Data under study Start Marker

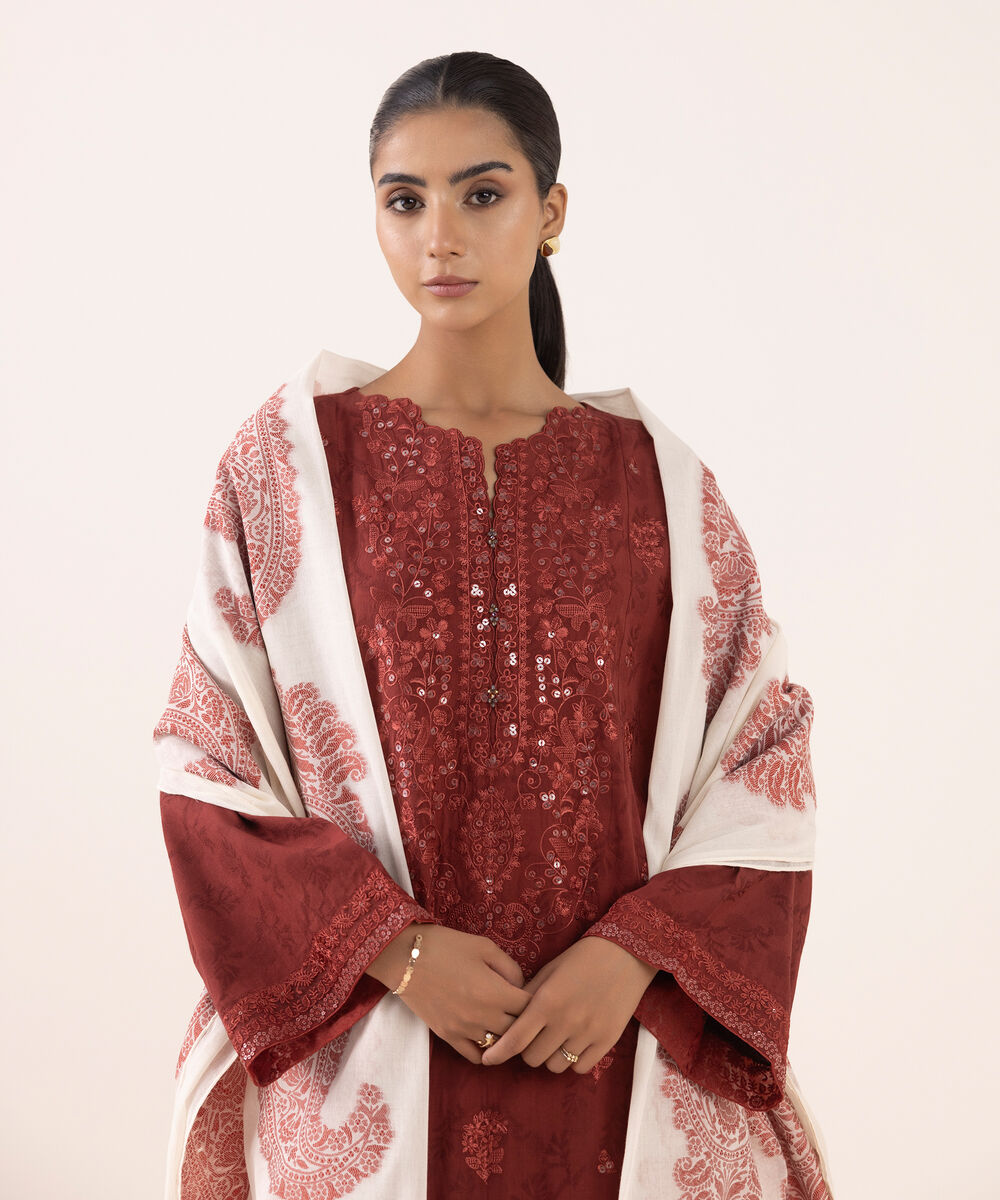 Women's Unstitched Jacquard Embroidered Maroon Three Piece Suit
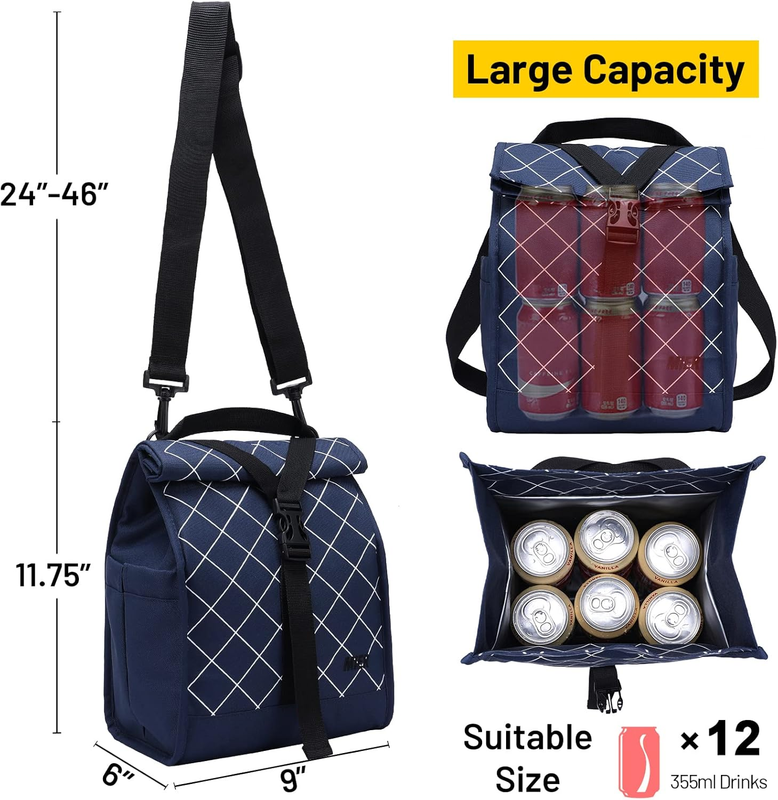 Insulated Roll Top Lunch Bag for Women Men Foldable Tote w/ Shoulder Strap6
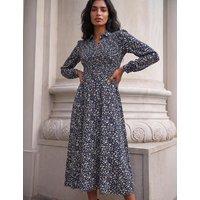 Roman Floral Shirred Midi Shirt Dress Navy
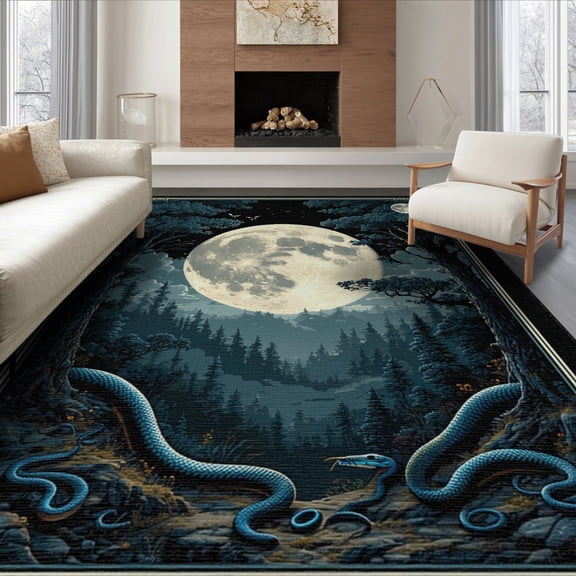 ODIKA 8'x10' Washable Area Rug Gothic Serpentine Snake Forest Mystical Symbols Whimsy Tattoo for Living Room, Under Sectional, Family , Durable, Non-Slip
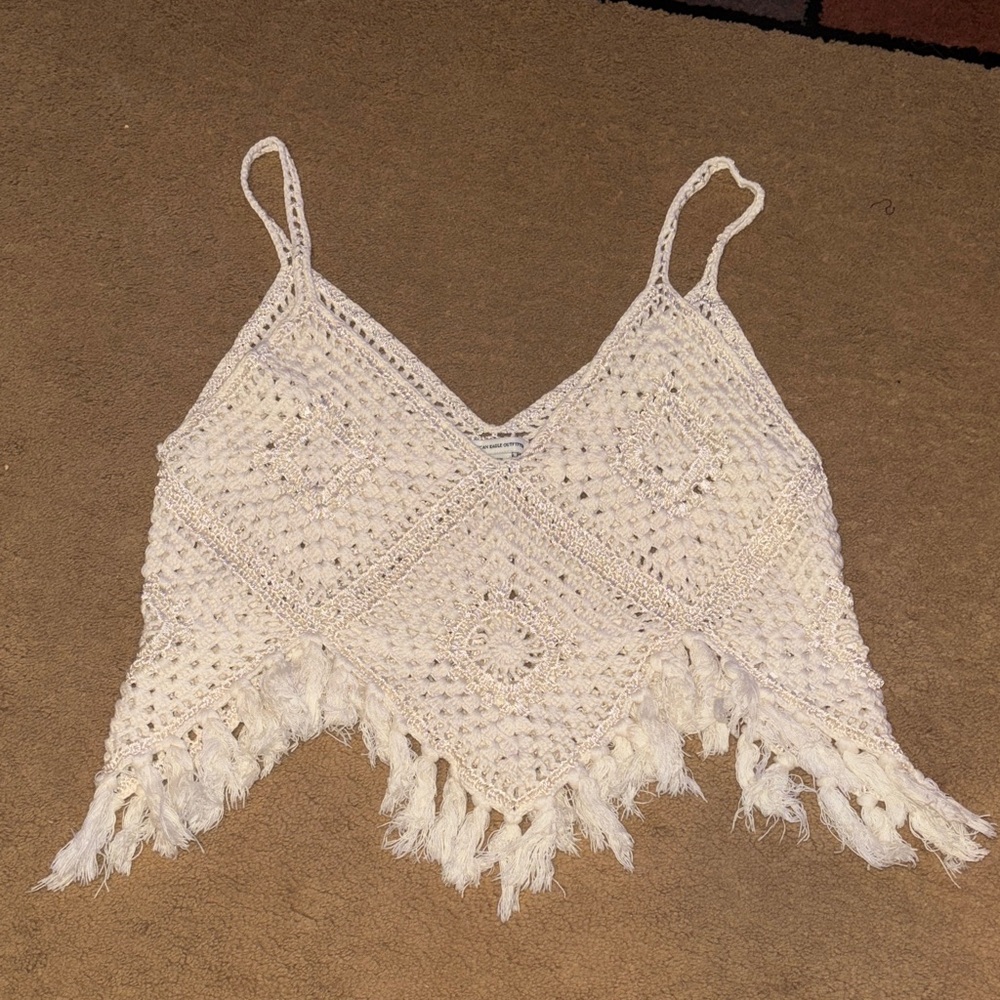 American Eagle Outfitters Cream Crochet Camisole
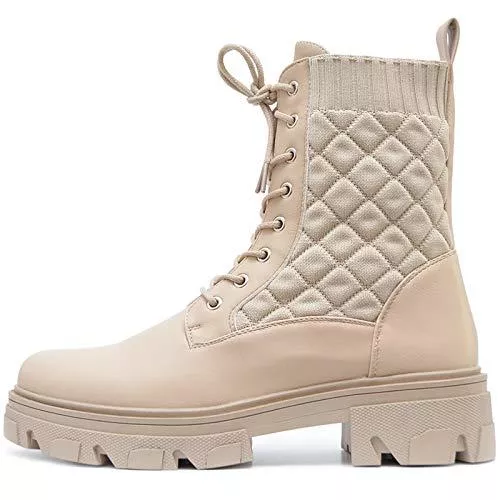 Vain Secrets Stiefel Damen Stiefeletten Stiefel Schnürboots Schlupfstiefel Worker Biker Boots mit Profil Sohle Reißverschluss Ugly Mesh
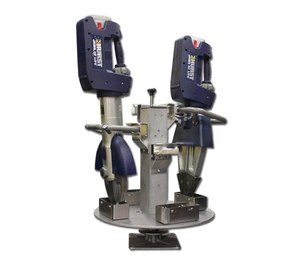 The heavy-duty rotating base of the Multiple Extrication Tool Holder from Ziamatic secures up to four extrication tools vertically within a limited space.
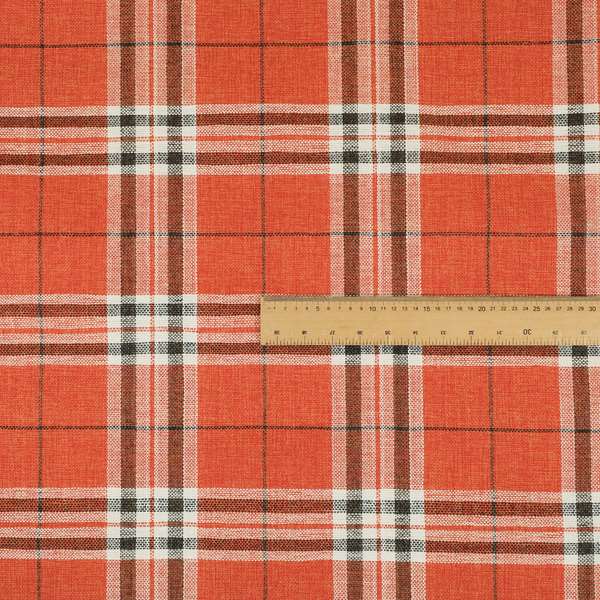 Barlow Tweed Textured Check Tartan Orange Furnishing Upholstery Fabric - Roman Blinds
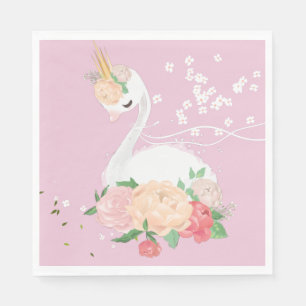 Guardanapo De Papel Whimsical Floral Swan Birthday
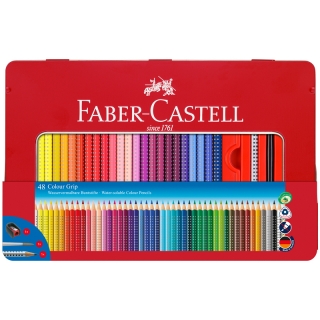 Акварельные карандаши трехгранные Faber-Castell "Grip" 48 цветов + чернографитный карандаш, кисть, точилка, металлический пенал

Data under study End Marker

> _Exercise prompt_
Write out the material above exactly. Skip the pictures.

> _Your solution_
 Women's Unstitched Jacquard Embroidered Maroon Three Piece Suit
 Insulated Roll Top Lunch Bag for Women Men Foldable Tote w/ Shoulder Strap6
 Roman Floral Shirred Midi Shirt Dress Navy
 ODIKA 8'x10' Washable Area Rug Gothic Serpentine Snake Forest Mystical Symbols Whimsy Tattoo for Living Room, Under Sectional, Family , Durable, Non-Slip
 American Eagle Outfitters Cream Crochet Camisole
 Vain Secrets Stiefel Damen Stiefeletten Stiefel Schnürboots Schlupfstiefel Worker Biker Boots mit Profil Sohle Reißverschluss Ugly Mesh
 The heavy-duty rotating base of the Multiple Extrication Tool Holder from Ziamatic secures up to four extrication tools vertically within a limited space.
 Barlow Tweed Textured Check Tartan Orange Furnishing Upholstery Fabric - Roman Blinds
 Guardanapo De Papel Whimsical Floral Swan Birthday
 Акварельные карандаши трехгранные Faber-Castell "Grip" 48 цветов + чернографитный карандаш, кисть, точилка, металлический пенал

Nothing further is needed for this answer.